= Cervico-thoracic ratio =

The cervico-thoracic ratio (CTR) is a method developed by Norlander et al. for measuring segmental mobility in the spine between the C7 vertebra and the T5 vertebra in flexion. The method has been developed to fulfil clinical demands of quick examinations. With this method, the observer can see if there is an increased respectively decreased mobility in a specific motion segment. The CTR technique measures both segmental and total skin distractions. It compares the degree of segmental flexion mobility by establishing a ratio between segmental and total skin distraction. First the skin distraction in cm is measured using a special transparent measuring strip and a pen, the absolute mobility. Then absolute values are calculated in a computer program, CTR graph 5.2. Relative values are shown in percent. Each person has totally 100% mobility in the area C7-T5. The relative values show how many percent of the total mobility that is related to in each motion segment. After each measure, a curve called the CTR profile is calculated.
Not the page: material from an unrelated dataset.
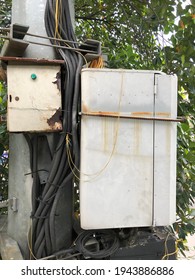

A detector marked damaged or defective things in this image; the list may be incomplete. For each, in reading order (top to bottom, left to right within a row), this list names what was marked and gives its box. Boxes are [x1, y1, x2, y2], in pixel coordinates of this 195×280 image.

rusty metal panel [7, 64, 61, 132]
rust stain [46, 107, 62, 131]
rusty metal panel [80, 69, 156, 229]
Norlander has created a classification system for relative segmental flexion mobility between C7-T5. Three classes of flexion mobility were defined ordinary, hypo- and hypermobility. Ordinary mobility was based on relative flexion mobility between the lower and the upper quartile for each motion segment between C7-T5. Hypomobility was based on relative flexion mobility below the lower quartile for each motion segment, between C7-T5. Hypermobility was based on the upper quartile for each motion segment, between C7-T5. From this classification a normal curve for the relative segmental flexion mobility has been calculated. CTR have high intratester repeatability with a coefficient of variation (CV) not exceeding 5% and a good intertester repeatability with a CV not exceeding 8%. The CTR technique show a high correlation between vertebral flexion mobility and skin distraction. The validity of the CTR technique was evaluated in a radiological study. Six small metal markings were glued to the skin with 30 mm intervals according to the CTR technique. The markers were glued with the subject in an upright posture and the upper marking placed over the most prominent part of the spinous process of the C7. Lateral radiographs were used to obtain overlay measurements of the alteration of the vertebral angles and of skin markers. The CTR is a valid technique. No other research has been made for validity and reliability. Previous studies with CTR have examined the relationship between segmental mobility C7-T5 and neck- shoulder pain. A significant correlation was found between decreased mobility in motion segment C7-T1 and T1-T2 and increased risk for neck- shoulder pain. Norlander and Nordgren have also shown that several clinical symptoms show relationship to segmental mobility examined with CTR. A significant correlation was found between decreased mobility in C7-T2 and experience of hand weakness and headache.